I happen to cover replica synchronization quite extensively in this article: https://info.crunchydata.com/blog/wheres-my-replica-troubleshooting-streaming-replication-synchronization-in-postgresql. I suggest reading through this, as my answer will build on that.

This is also one of the reasons why, by default, the Postgres Operator is using pgBackRest to house the WAL archives: it contains a "permanent" (or at least as long as your retention policy is set) number of archives, so when you try to create a replica, or if your replica should lag (a topic I also cover extensively in https://info.crunchydata.com/blog/postgresql-monitoring-for-app-developers-alerts-troubleshooting and https://info.crunchydata.com/blog/postgresql-monitoring-for-application-developers-dba-stats).

(I will be providing a much more detailed answer in regards to pgBackRest and its advantages and tradeoffs in deployment models in #1965).

That said, I also do not have any insight into what customizations you may have set for how your PostgreSQL clusters are configured, so I cannot pinpoint the exact issue. I don't know if you've adjusted wal_keep_segments or if you have your replicas tuned to a WAL archive to ensure you can continuously load WAL logs should the replication link be severed. These are all things that the Operator helps with out-of-the-box, but adding in customizations can skew this behavior. If you're deleting WAL logs directly (which is not recommended, covered in one of the above blogs) and a replica is lagging, that could also affect a replicas ability to replay logs.

If you're insistent on using pg_basebackup, I'd recommend using replication slots as part of replication, but this starts skewing heavily from the default Operator behavior and as mentioned in earlier issues, is not recommended.

The PostgreSQL Operator is designed to help with the overall cluster management (HA, backups, DR, monitoring) and provides constructs to help with all of this. That said, there is still a stateful service, i.e. PostgreSQL running underneath it.

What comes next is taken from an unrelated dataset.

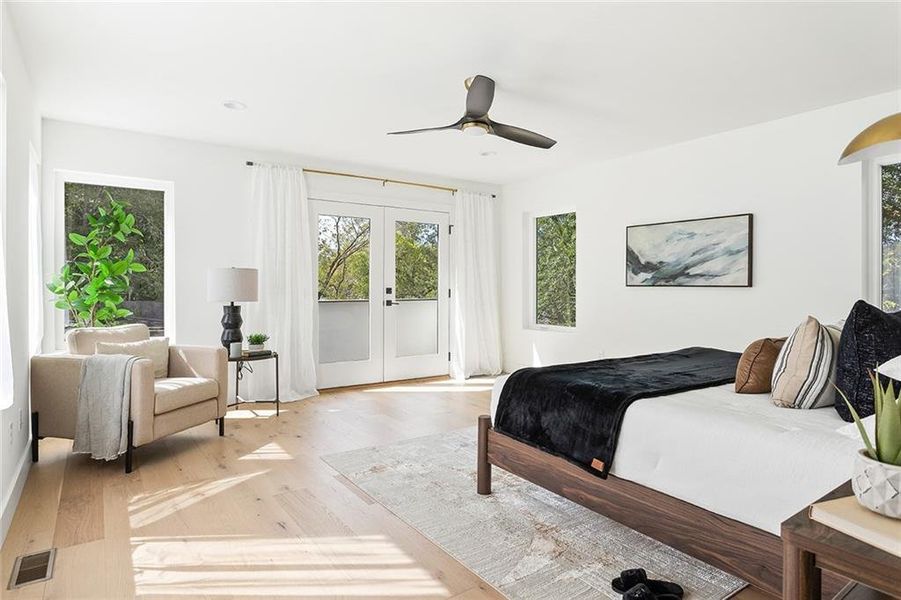 Furnished interior view inside a new home in , Atlanta (Image 54).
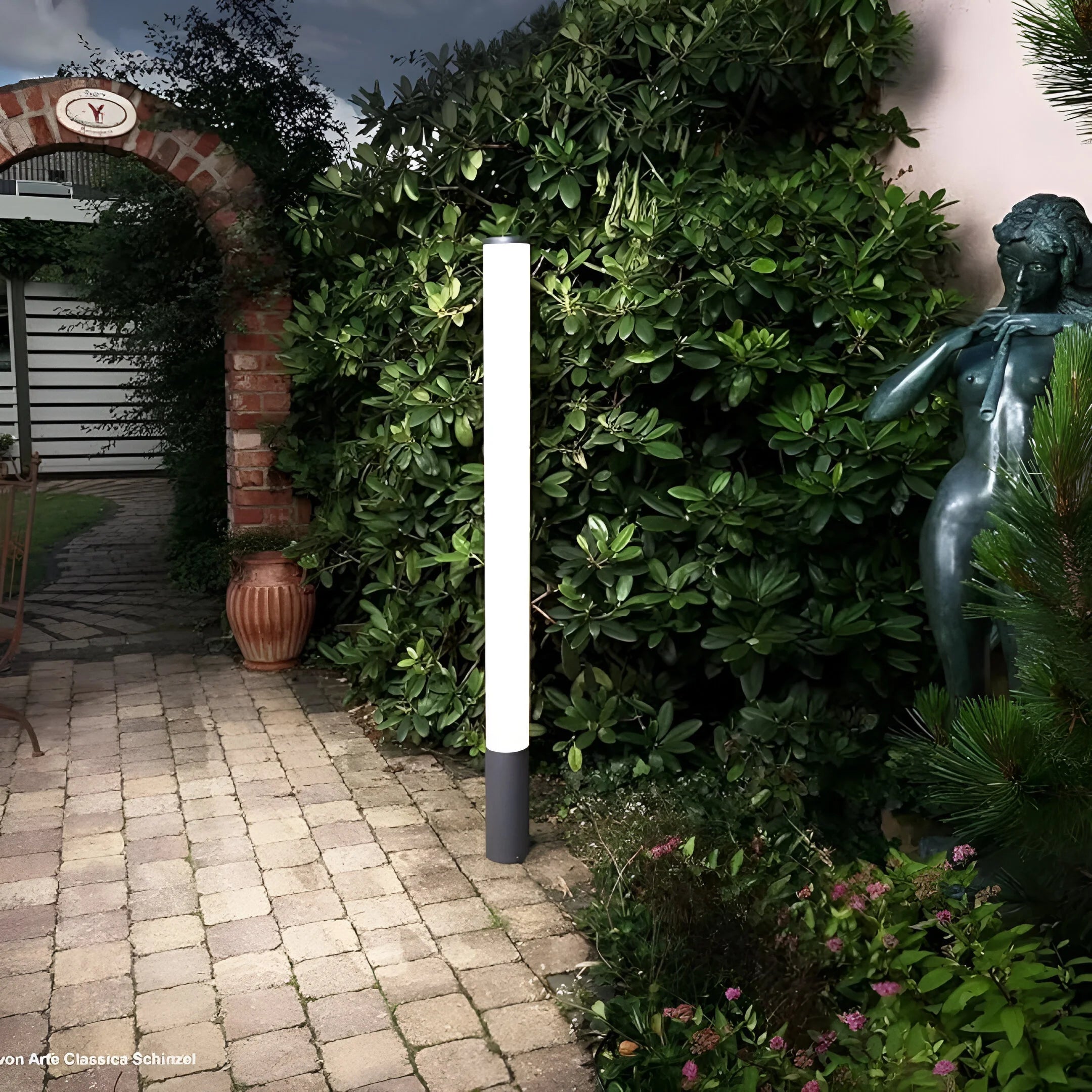 LumiEdge – Minimalist LED Outdoor Garden Light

In addition to monitoring what is going on, it requires an understanding of what it takes to run the service in production.

I believe you actually mentioned this yourself in ensuring you understood the system components in https://github.com/CrunchyData/postgres-operator/issues/1786#issuecomment-674409440, i.e.

it works great despite my issues, was a fundamental lack of knowledge on our part, we are seasoned patroni users, but rookies a pgbackrest, sorry for the noises.. great software!!

With regards to the ongoing volume expansion, I would also recommend checking your pg_log directory to see if the files there are taking up too much space. If needed, you can adjust your logging settings, e.g. redirect the PostgreSQL logs to stderr (with the risk that if you don't have a logging aggregator in your Kubernetes environment, you may lose valuable information about the state of your system).